The "home team." Normally I despise sports as a metaphor for anything in life, but if there is a legitimate use of such a comparison, it is in warfare. William James, in the title of a pacifist essay, dubbed sports The Moral Equivalent of War, and Stephen Crane wrote the great fictional account of battle in the American Civil War by drawing on memories of the college gridiron at Syracuse. "I believe that I got my sense of the rage of conflict on the football field," he wrote, and the result was so real that a retired Union veteran read the book and was certain he had been "with Crane at Antietam," despite the fact Crane wasn't even born until nine years after that battle.
So ride that metaphor, uncomfortable as I find it, till it breaks down. Certain things grow clear: "Support the troops, bring them home now" = "support the team, forfeit the game." When war comes, you lend your heart and your lungs to the home team. This doesn't mean blinding yourself. Lordy, do I know that: My home team always has been Philadelphia. When they're up 42-0 with three minutes left in the game, some part of you is watching and thinking, silently "I wonder how they're going to blow it this time?" But at the same time, as Tugger said, "You gotta believe."
It doesn't change outcomes. But it defines who you are. And real war is less like the abstraction of professional sports and more like the high school game your kid is playing in. You really want him to do well. You want his team to win -- cleanly and with honor. You might see something amiss on the court or on the field, but before you open your mouth and yell about it, if you're a responsible adult, you stop to think, "is this going to help them win? Should I say something quietly to the coach or the ref, or stand up in the bleachers and shout at the top of my lungs?"
OK, that's probably as far as that metaphor will stretch.
Chesterton was a patriot who opposed an unpopular war by the world's great military power against a ragtag and nasty wolfpack. It's called the Boer War, and it's a subject worth studying in these times. Chesterton tried to step through the landmine between healthy and unhealthy dissent in wartime:
I do not speak (of course) of the anti-patriotism which only irritates feverish stockbrokers and gushing actresses; that is only patriotism speaking plainly. A man who says that no patriot should attack the Boer War until it is over is not worth answering intelligently; he is saying that no good son should warn his mother off a cliff until she has fallen over it.
That is patriotic dissent.
But there is an anti-patriot who honestly angers honest men...; the man who says, "I am sorry to say we are ruined," and is not sorry at all. And he may be said, without rhetoric, to be a traitor ....
Chesterton calls this kind of anti-patriot by his right name, a "pessimist." And in national affairs they simply act out their attitude toward life in general, rooted in personal psychologies.

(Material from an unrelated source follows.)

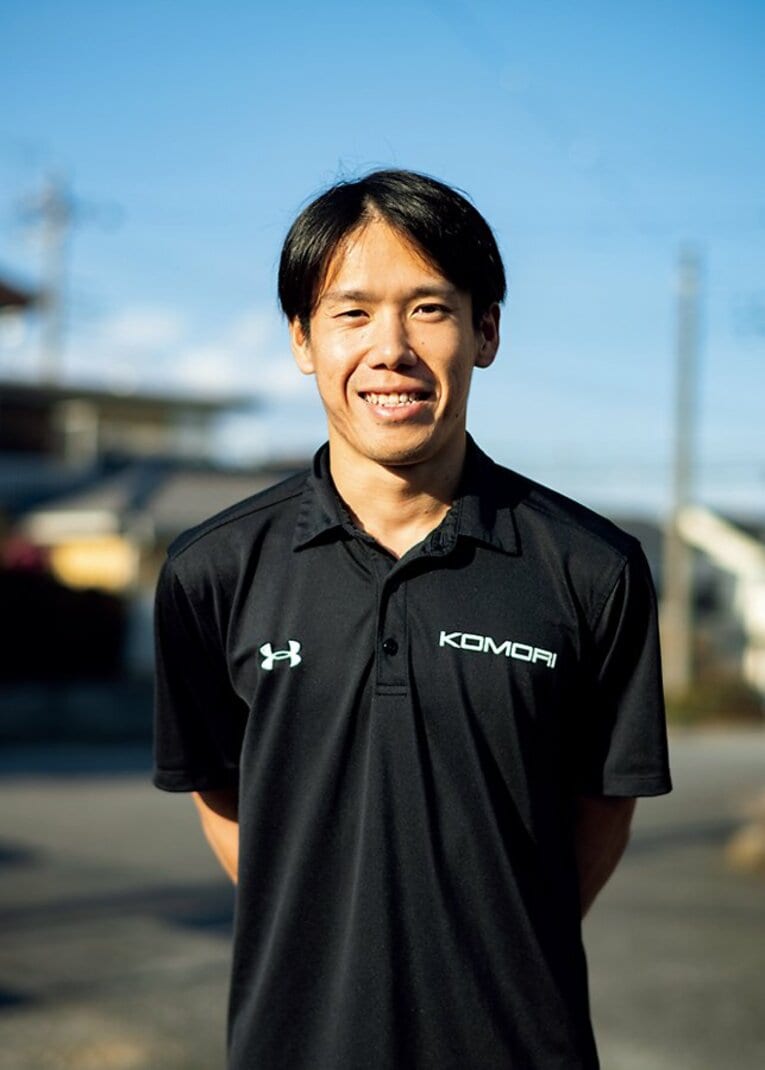 舟津彰馬。中大では１年で主将を務め、３年時に６区に挑んだ。小森コーポレーション所属　©︎Nanae Suzuki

Just in the same way the pessimist (who is the cosmic anti-patriot) uses the freedom that life allows to her counsellors to lure away the people from her flag. Granted that he states only facts, it is still essential to know what are his emotions, what is his motive. It may be that twelve hundred men in Tottenham are down with smallpox; but we want to know whether this is stated by some great philosopher who wants to curse the gods, or only by some common clergyman who wants to help the men.
The evil of the pessimist is, then, not that he chastises gods and men, but that he does not love what he chastises -- he has not this primary and supernatural loyalty to things.